Dec

1 2019

Diamonds, Jews, and 19th Century Transatlantic Trade

10:00AM - 11:00AM  

Jewish Studies Center

Contact Mark Swick
swickmn@cofc.edu

Description:After the discovery of diamond deposits in South-Africa in 1869, the extraction, manufacturing, and consumption of diamonds intensified spectacularly. The combination of booming supplies, growing demand, and technological innovations produced revolutionary changes in the diamond industry. Kimberley, London, Amsterdam, and New York became crucial nodes in the global network of extraction, distribution, and trade. Jews played a crucial role in every segment of the commodity chain, from the moment of extracting rough stones from South African soil to distribution across the Atlantic, manufacturing in factories, and retailing to metropolitan markets. They were not – as often described in histories of Jewish economic activity – intermediaries operating at the margins of innovation and commercial activity. Rather, they served as central agents of early globalization. Jews were pioneers involved in the global exchange of a luxury commodity, connecting African sites of supply, European manufacturing centers, and western consumers.

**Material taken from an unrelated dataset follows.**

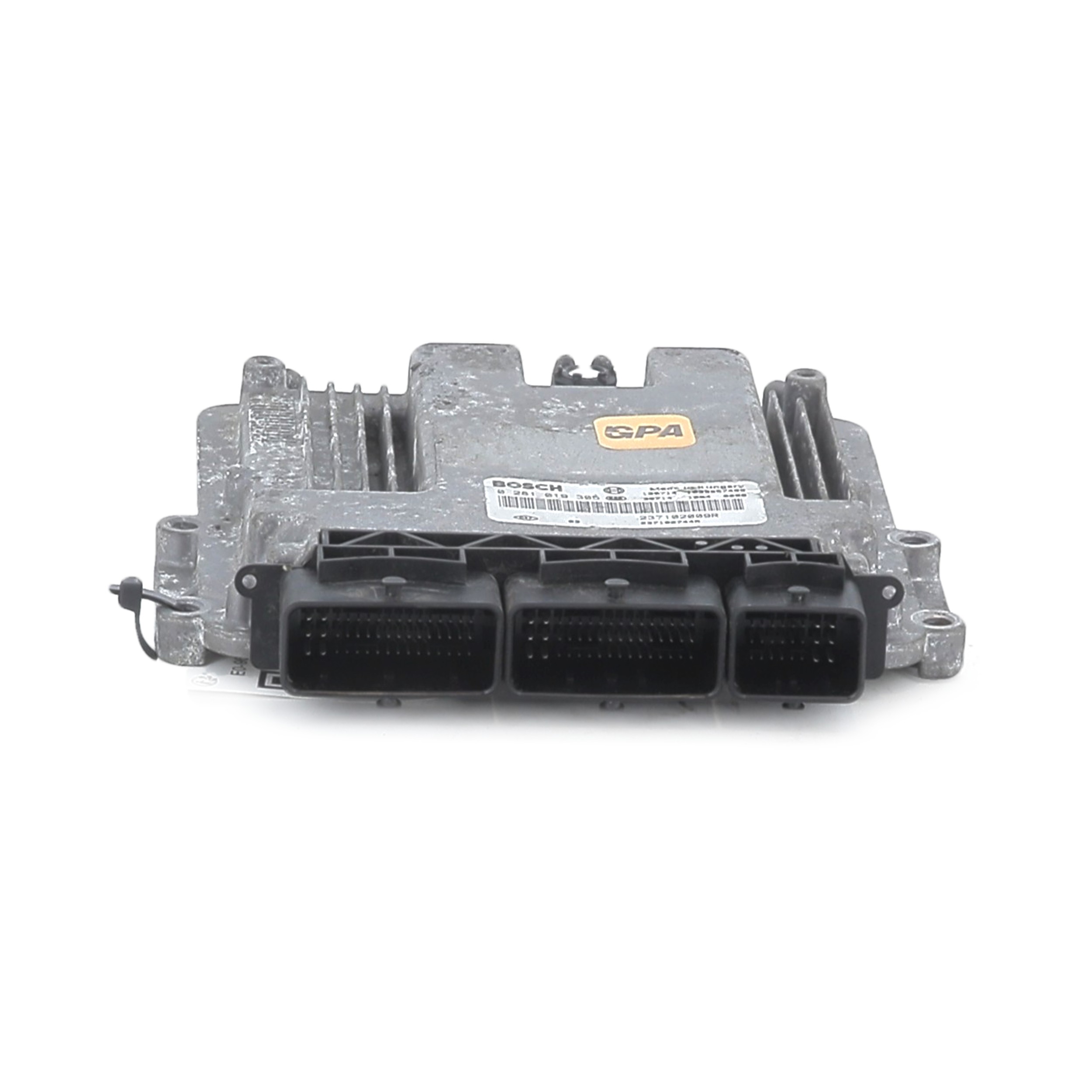 Calculateur moteur 237102009R - RENAULT SCENIC 3 PH.3 1.6 DCI - E0-9604J E0-9604J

Saskia Coenen Snyder (Ph.D. University of Michigan, 2008) is Associate Professor of Modern Jewish History and the Associate Director of the Walker Institute of International and Area Studies at the University of South Carolina, Columbia. She is the author of Building a Public Judaism: Synagogues and Jewish Identity in Nineteenth-Century Europe, published by Harvard University Press in 2013. Her second book, tentatively titled Diasporic Gems: Diamonds, Jews, and Nineteenth-Century Global Commerce examines the role of European, South African, and American Jews in the 19th c. diamond trade. She has been the recipient of numerous fellowships and awards, including an NEH summer grant, the Hadassah-Brandeis Institute Research Award, and the Memorial Foundation for Jewish Culture Research Fellowship. Prof. Coenen Snyder teaches modern Jewish history and Western Civ. courses at the USC, as well as a specialized senior seminars on the Holocaust and the History of Anne Frank. She is a recipient of the Michael Mungo Undergraduate Teaching Award.